Chromosome Analysis, Products of Conception/Tissue Biopsy, for Genetic Diagnosis Print

WSLH Department: Cytogenetics
WSLH Test Code: 831
Day(s) Performed: Monday-Friday 7:45 AM - 4:30 PM, Saturday 7:45 AM - 12:00 PM
Turn-around Time: Approximately 7-21 days, with an average of 15 days (longer for specimens with small volume or poor growth in culture). (Reports are issued Monday-Friday 7:45 AM - 4:30 PM)
Recommended Uses: Determination of fetal karyotype for: miscarriage, fetal demise, stillbirth. Skin biopsies may be used for individuals with suspected tissue mosaicism.
Contraindications:
Additional Tests Performed:
Patient Preparations:
Specimen Requirements: **For fetal specimens: placental villus is the preferred tissue; kidney, lung, and/or fascia are also acceptable. Sample size at least 0.3 cm cubed.

**For skin biopsies: 1-2mm punch biopsy.
Specimen Handling & Transport: Store and transport specimens at room temperature (may transport with coolant during hot weather, >85 degrees F). DO NOT FREEZE. The laboratory must receive specimens within 24 to 48 hours of collection.
Collection Kit/Container: Cytogenetics and Molecular Genetics Collection Kit
Collection Instructions: **For fetal specimens: Healthy tissue is pale pink to red in color, indicating an active blood supply. Placenta that includes chorionic villi is usually mottled pink/red. Samples that are solid dark red are usually blood clots and may not contain fetal tissue. Tissue that is pale tan to brown should be avoided if possible as this indicates necrosis. A 0.3-0.5cm cubed section of each tissue type should be collected using aseptic procedures. Place the specimen in a sterile tissue vial containing transport media. If multiple tissues are sent, please place the placenta in one vial and the other tissue(s) in a separate vial to minimize contamination of the tissues.

**For skin biopsies: Skin should be cleaned using alcohol, do not use iodine or betadine as these will compromise the cell growth in culture. Do a 1-2mm punch biopsy that goes full depth through the epidermis into the sub-cutaneous fat. Place the specimen in a sterile tissue vial containing transport media.

Kits include: 1-6ml sterile vial with 5ml of F10 media, 1 Test requisition form (#131), and 1 Biohazard bag and absorbent pad. If requested a UPS return label can be supplied with the kit. Store kits at 4C or freeze for up to a year. If requested a UPS return label can be supplied with the kit.

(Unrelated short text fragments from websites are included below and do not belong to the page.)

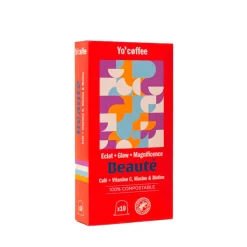 Sale Café YO'COFFEE BEAUTÉ - 4MURS Epicerie Sucrée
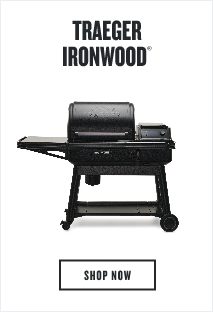 Traeger Ironwood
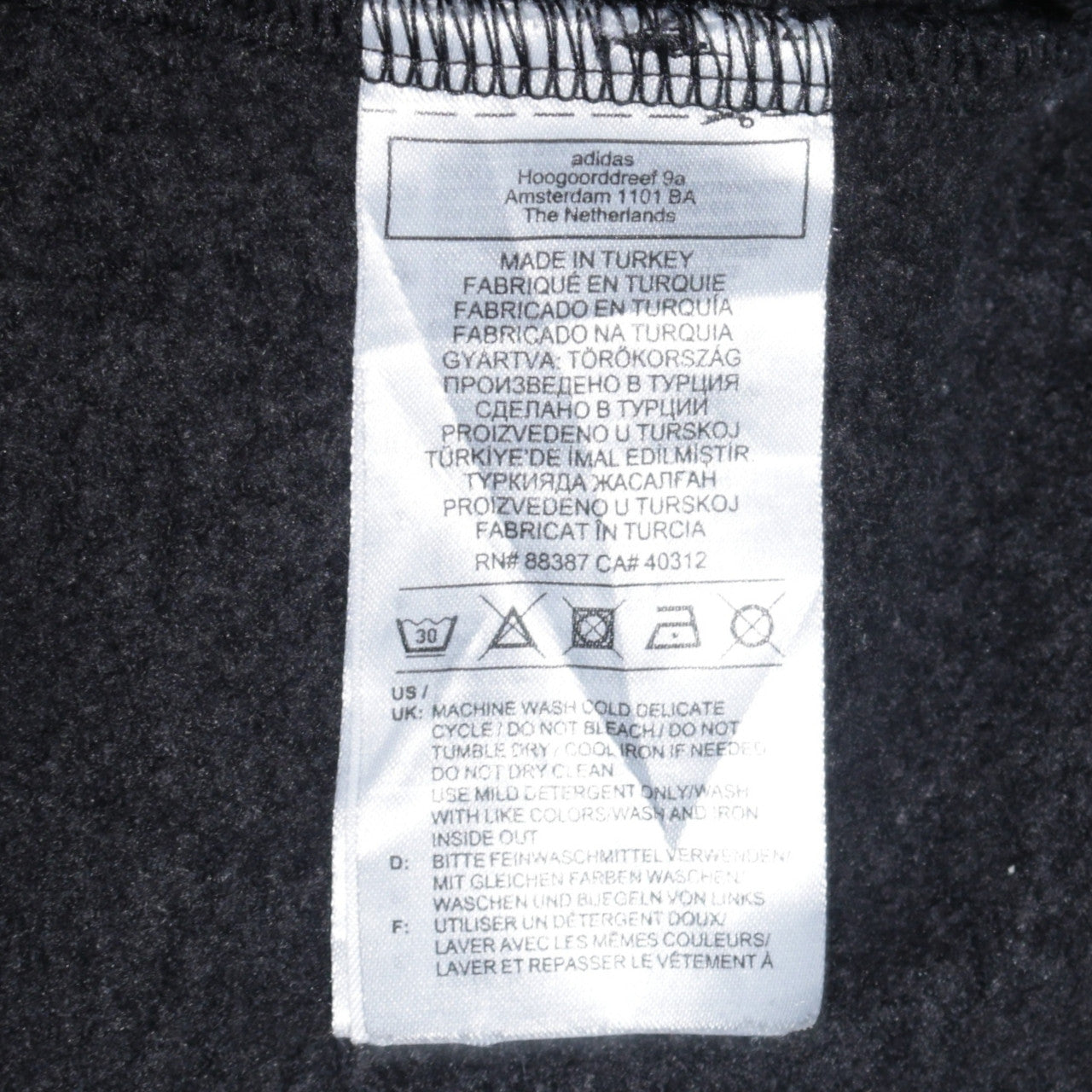Puma Men's Black Pullover Hoodie Size L Graphic Sportswear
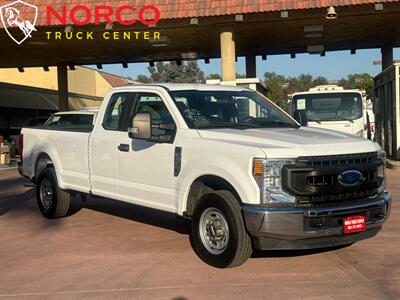 2020 Ford F-250 Super Duty XL Extended Cab Long Bed   - Photo 2 - Norco, CA 92860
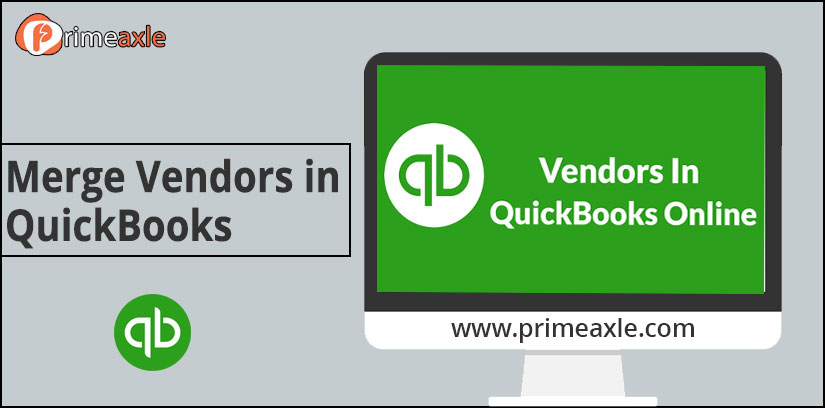 merge vendors in quickbooks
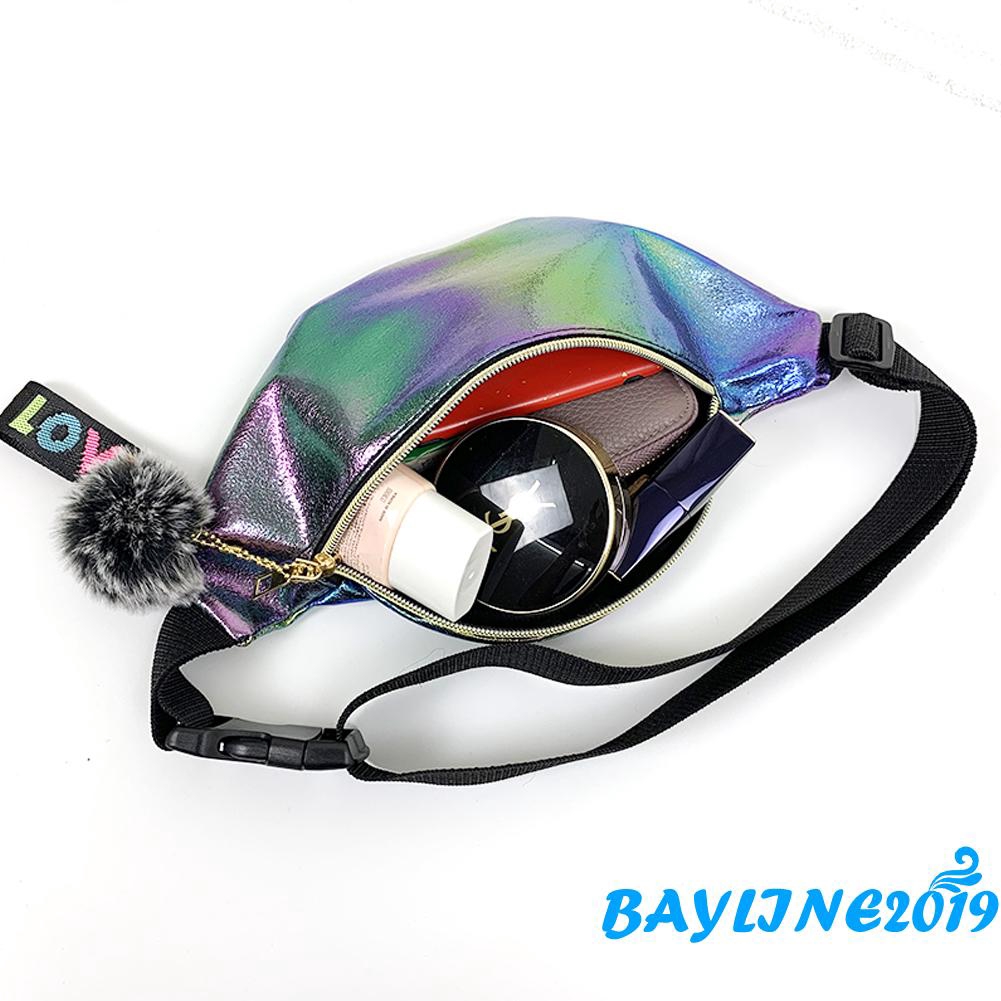 Túi đeo hông thể thao thời trang nữ tính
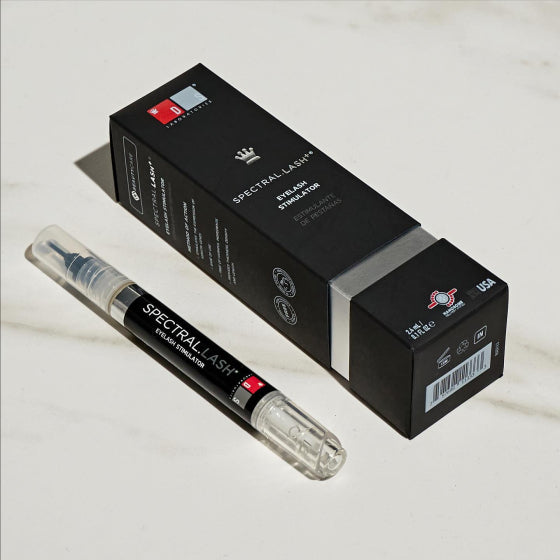 Spectral lash серум стимулиращ растежа на миглите 2,4 ml - Снимка 5 от 7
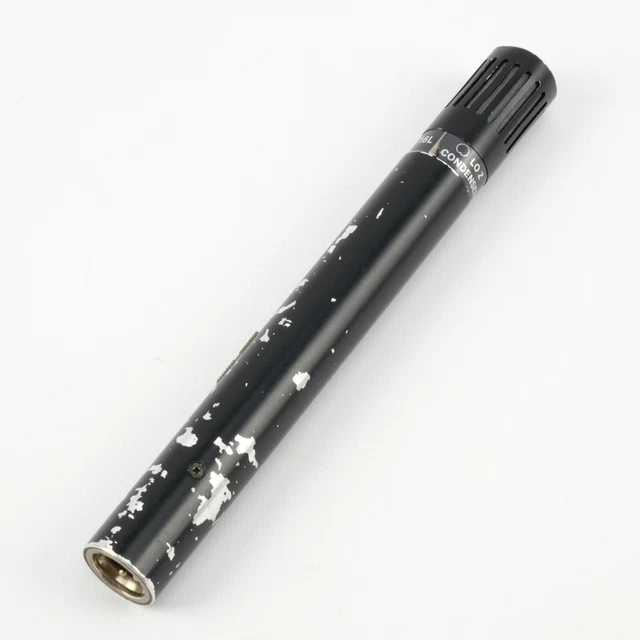 SHURE PROLOGUE 16L Low Impedance Slimline Condenser Microphone Live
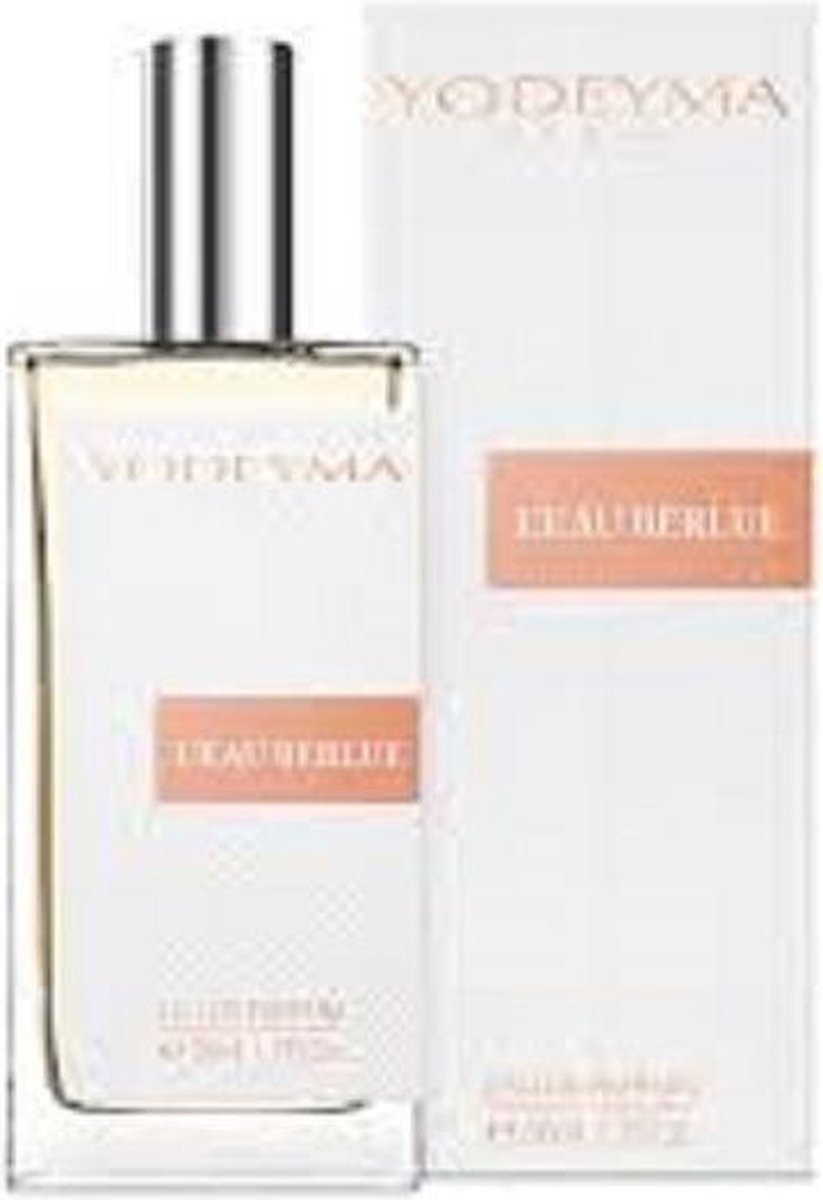 Goedkoopste Yodeyma - L'EAU BERLUE - 50ml - parfum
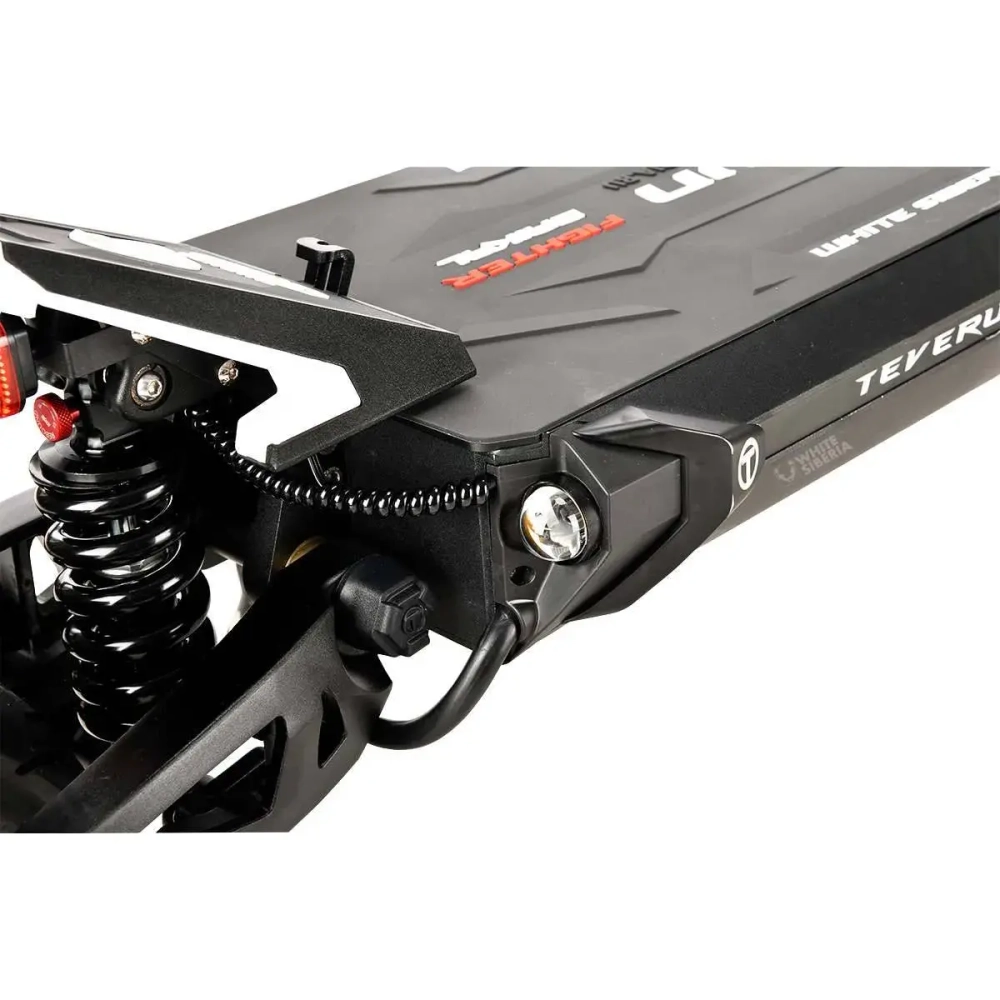 Электросамокат WHITE SIBERIA TEVERUN BAIKAL 9000W 72V35AH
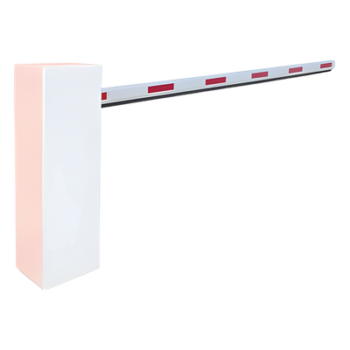 Brazo recto de aluminio de 5 m para barrera LiftPROx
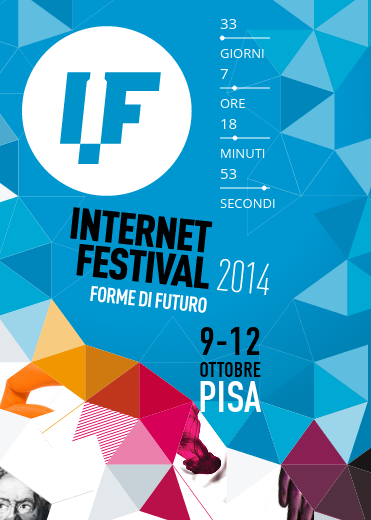 Sabato Rossi intervistato da Lucia Annunziata al Pisa Internet Festival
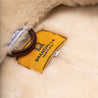 【Shangri-La Heritage】"Aviatore" B-3 Sabbia Shearling Jacket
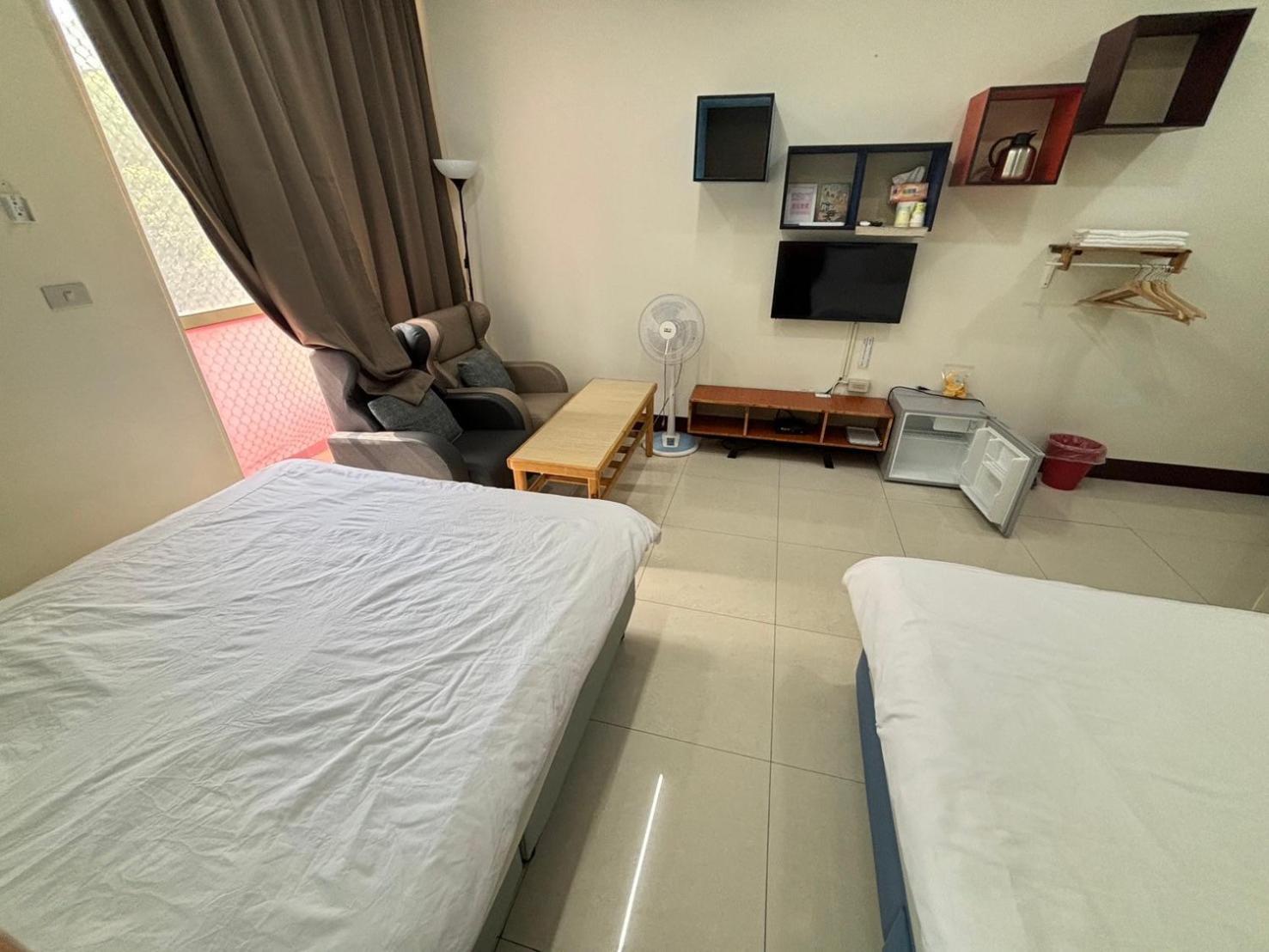 Luyu Homestay Lukang Buitenkant foto
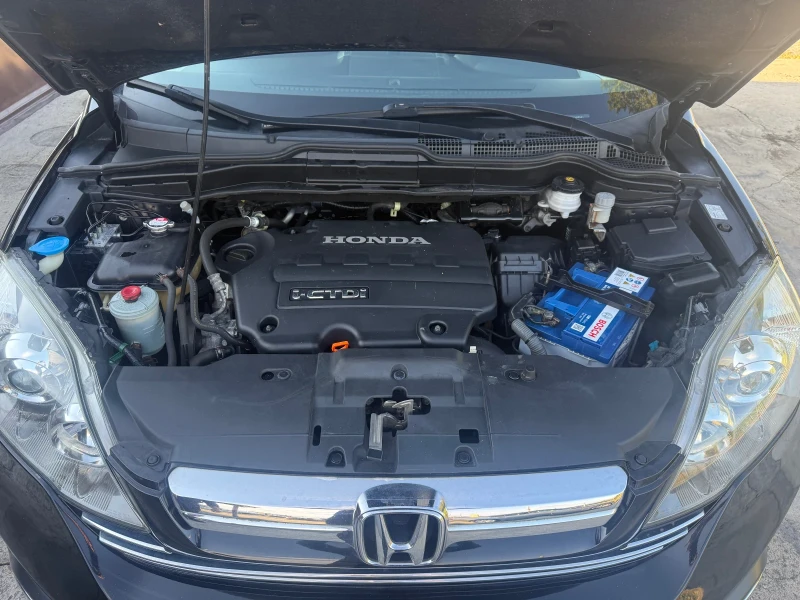 Honda Cr-v 4x4, снимка 14 - Автомобили и джипове - 51909749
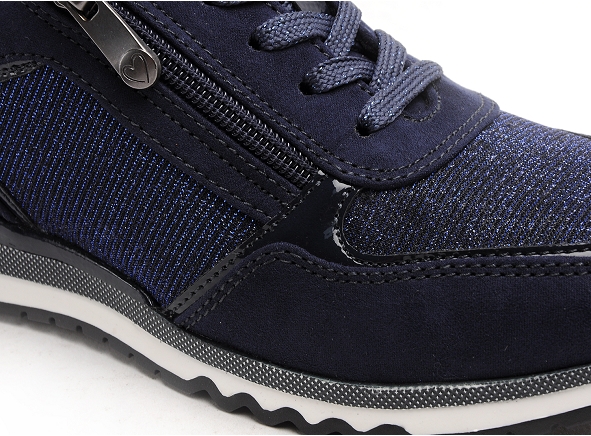 Marco tozzi basses femme 23749 41 bleu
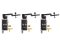 Pneumatic Leveling Valves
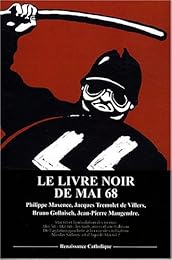 Le  livre noir de mai 68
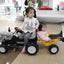 Electric Loader Tractor Toy - Remote Control, Perfect for Kids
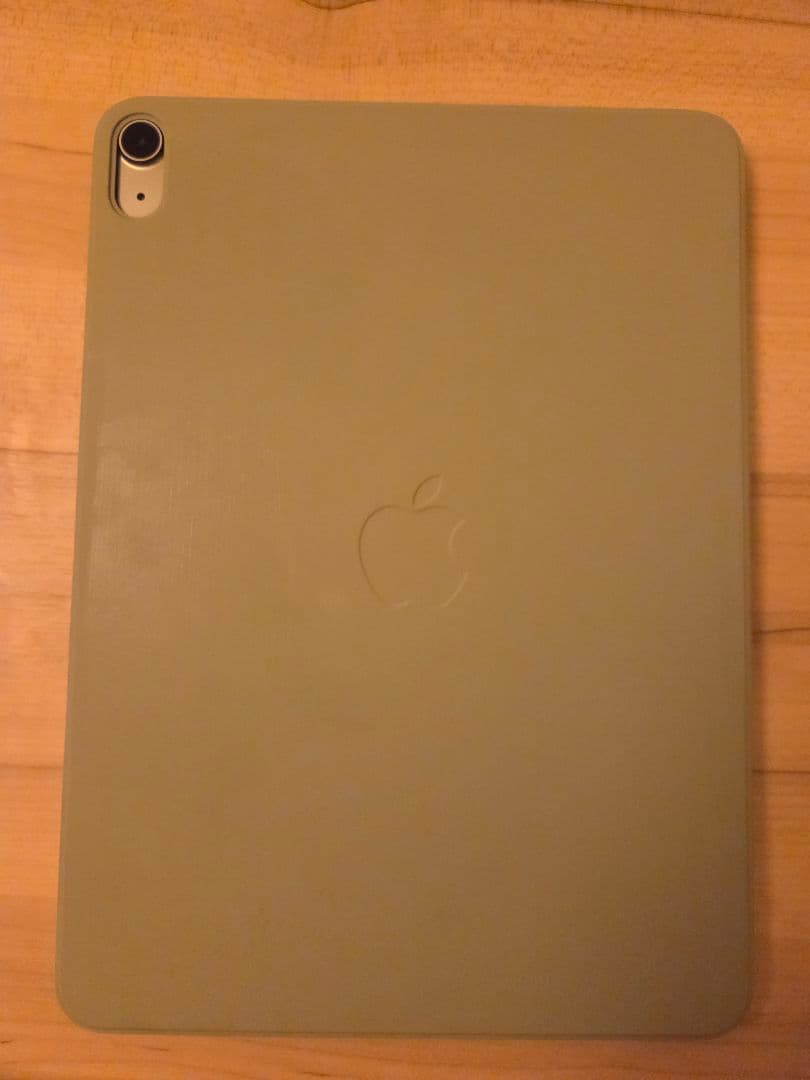 iPad Air m2 +apple pencil pro+純正カバー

Contact the laboratory(608-262-0402) to obtain Products of Conception/Tissue kits.
Unacceptable Conditions: Samples must not be frozen or processed with formalin.
Requisition Form: Cytogenetics Lab Genetic Diagnosis Form #131
Required Information: Laboratory regulations require the following minimum information to be provided on the requisition form for a specimen to be accepted for testing: Patient name or unique identifier; date and time of collection, patient date of birth and sex, specimen type/site of collection, test request(s), reason for referral, clinician name and UPIN/NPI, and address for reporting results. Please be certain that name/identifier on the form matches that on the specimen label.
Results Include: Result written using current International System for Human Cytogenetic Nomenclature (ISCN) and interpretation of results.
Limitations: In cases of pregnancy loss, depending on the length of time a fetus has been deceased, the specimen may fail to grow under any circumstances. Viable cells may be maternally derived.
Additional Tests Recommended: If a structural rearrangement is observed, parental blood chromosome analysis is recommended to determine whether the abnormality is inherited or is de novo and to possibly aid in defining the chromosome rearrangement. Fluorescence in situ hybridization analysis and/or microarray analysis may be recommended to characterize chromosome abnormalities; if performed there will be an additional charge.
Additional Comments: If no fetal material, only maternal decidua, is identified in the specimen, the sample will be processed. Chromosome analysis of maternal tissue may identify a structural rearrangement present in the mother's cells; a balanced maternal karyotype may lead to an unbalanced fetal karyotype.
Methodology: Microscopic analysis of G-banded chromosomes.
Includes: G-banded chromosome analysis of cultured cells from products of conception or tissue biopsy. Includes culture of cells from specimen(s), examination of at least 20 metaphase cells, and preparation of two karyograms. Additional cells may be examined if indicated by initial results. Additional karyograms may be prepared if multiple cell lines are observed.
CPT Code: 88233, 88262
Price: For pricing information, please call 608-262-0402.